▶ How to complete this task
In the material below, the lines from the one containing "Sixth view of" through the one containing "MARTIN J23/4 AIR CLEANER REPLACEMENT PARTS" are to be given again exactly, ends included, and no others.

[[ The input, beginning ]]

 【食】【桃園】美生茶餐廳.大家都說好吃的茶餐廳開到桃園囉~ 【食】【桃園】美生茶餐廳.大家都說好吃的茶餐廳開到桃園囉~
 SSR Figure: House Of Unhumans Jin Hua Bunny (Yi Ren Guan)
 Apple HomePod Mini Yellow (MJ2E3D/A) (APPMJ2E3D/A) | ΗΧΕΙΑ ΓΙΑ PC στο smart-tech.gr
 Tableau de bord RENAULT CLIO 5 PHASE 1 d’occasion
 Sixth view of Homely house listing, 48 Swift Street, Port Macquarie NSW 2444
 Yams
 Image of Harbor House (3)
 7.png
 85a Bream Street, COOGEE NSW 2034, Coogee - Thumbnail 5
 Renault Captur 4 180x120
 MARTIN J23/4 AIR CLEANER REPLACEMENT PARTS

[[ The input, end ]]
[[ The input, beginning ]]

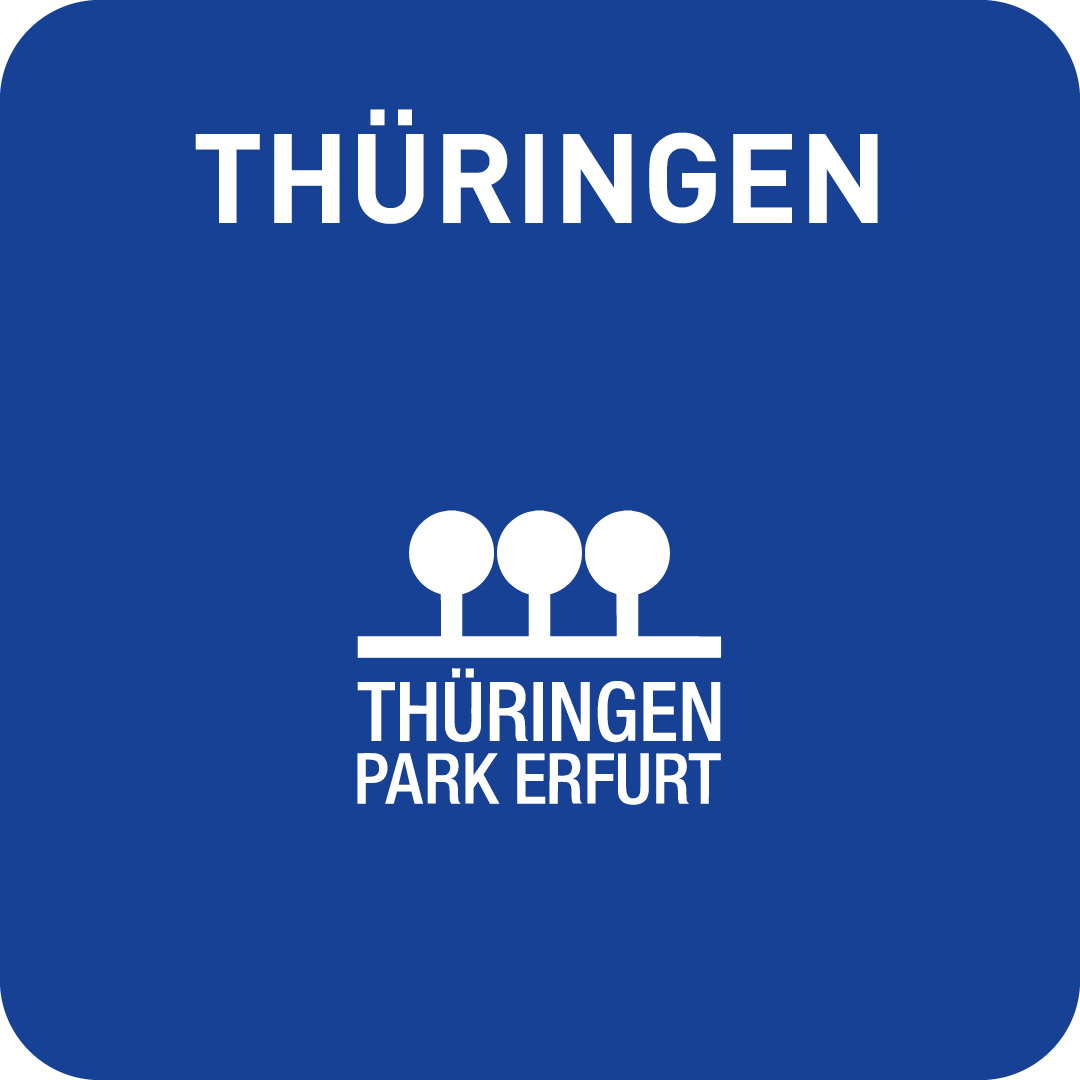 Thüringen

[[ The input, end ]]

▶ Solution below
 Sixth view of Homely house listing, 48 Swift Street, Port Macquarie NSW 2444
 Yams
 Image of Harbor House (3)
 7.png
 85a Bream Street, COOGEE NSW 2034, Coogee - Thumbnail 5
 Renault Captur 4 180x120
 MARTIN J23/4 AIR CLEANER REPLACEMENT PARTS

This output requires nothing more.